◆ **What is required**
Each line starting at the one that contains "Máy Xông Nóng" and ending at the one that contains "윤곽전문에스테틱 정규 관리사 모집 채용공고" must be returned exactly, and the rest of the listing is left out.

◆ **Data provided**
....................

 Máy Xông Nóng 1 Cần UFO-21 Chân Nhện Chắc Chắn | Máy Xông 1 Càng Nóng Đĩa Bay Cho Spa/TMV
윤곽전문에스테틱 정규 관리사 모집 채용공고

....................

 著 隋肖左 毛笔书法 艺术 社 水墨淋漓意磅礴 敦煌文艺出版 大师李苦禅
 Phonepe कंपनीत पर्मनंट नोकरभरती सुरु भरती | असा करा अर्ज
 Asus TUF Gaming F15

....................

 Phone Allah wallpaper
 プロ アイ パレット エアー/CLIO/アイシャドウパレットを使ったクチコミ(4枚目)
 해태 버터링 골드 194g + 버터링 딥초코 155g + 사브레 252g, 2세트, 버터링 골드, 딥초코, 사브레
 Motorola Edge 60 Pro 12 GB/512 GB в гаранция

....................

◆ **Task response**
 Máy Xông Nóng 1 Cần UFO-21 Chân Nhện Chắc Chắn | Máy Xông 1 Càng Nóng Đĩa Bay Cho Spa/TMV
윤곽전문에스테틱 정규 관리사 모집 채용공고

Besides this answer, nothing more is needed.